Work to be completed: Take the records below and extract, word for word, the lines from the one containing "Scholastic Art Awards" through the final line, inclusive. Omit pictures.

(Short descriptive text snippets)
§
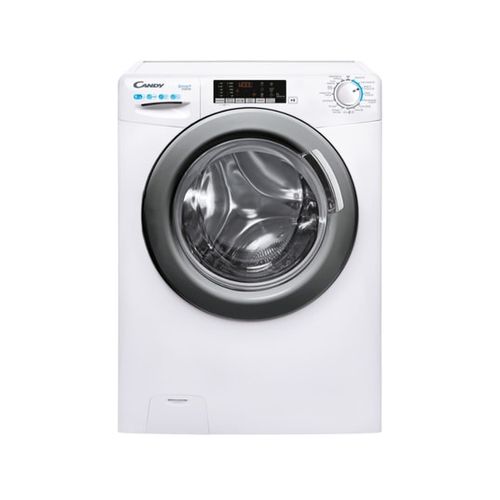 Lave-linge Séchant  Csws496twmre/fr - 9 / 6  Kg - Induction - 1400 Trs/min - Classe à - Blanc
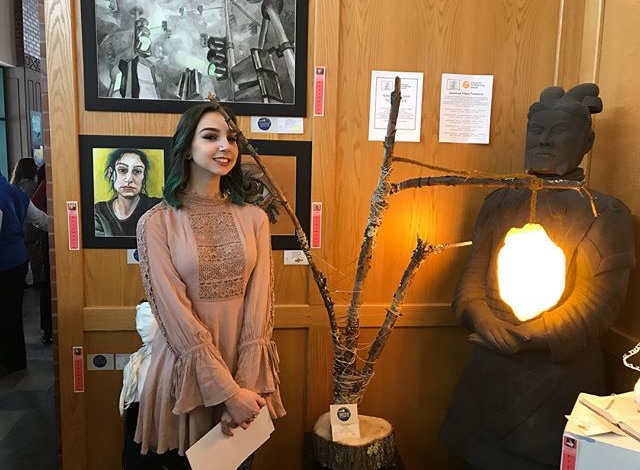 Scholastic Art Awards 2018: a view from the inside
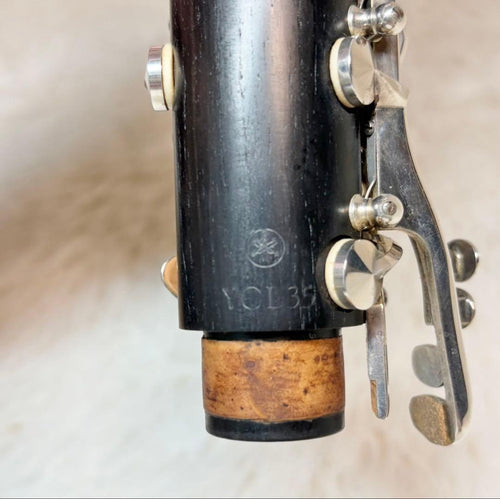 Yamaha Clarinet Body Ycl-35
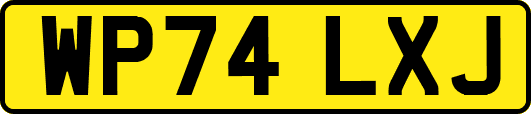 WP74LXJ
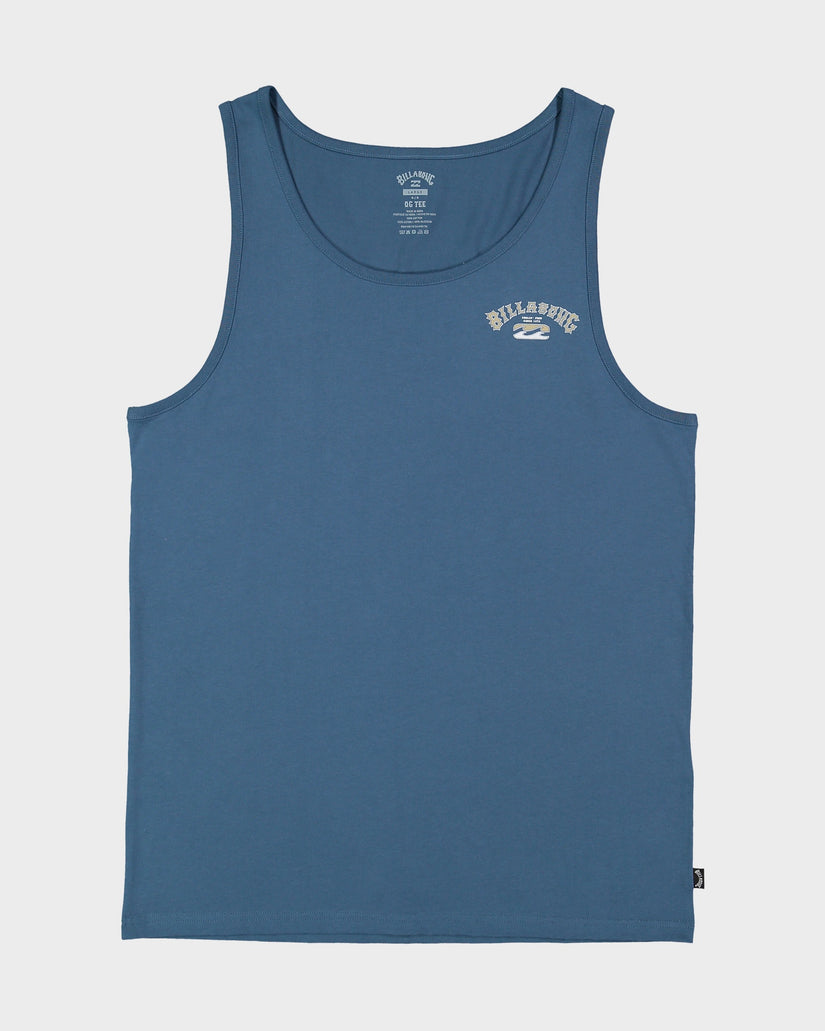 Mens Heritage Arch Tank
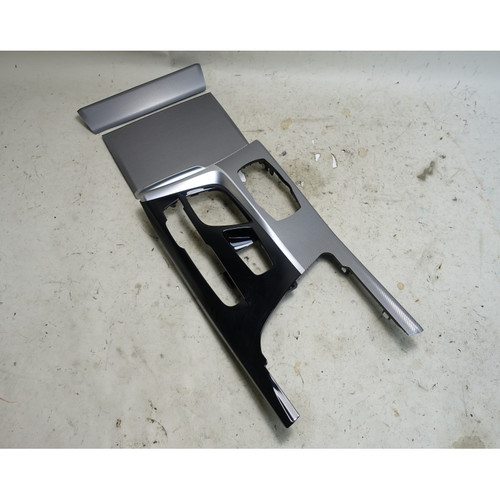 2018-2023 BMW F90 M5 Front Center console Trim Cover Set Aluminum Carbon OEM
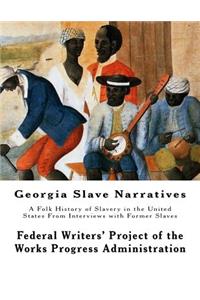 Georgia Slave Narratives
§
Result:
 Scholastic Art Awards 2018: a view from the inside
 Yamaha Clarinet Body Ycl-35
 WP74LXJ
 Mens Heritage Arch Tank
 2018-2023 BMW F90 M5 Front Center console Trim Cover Set Aluminum Carbon OEM
 Georgia Slave Narratives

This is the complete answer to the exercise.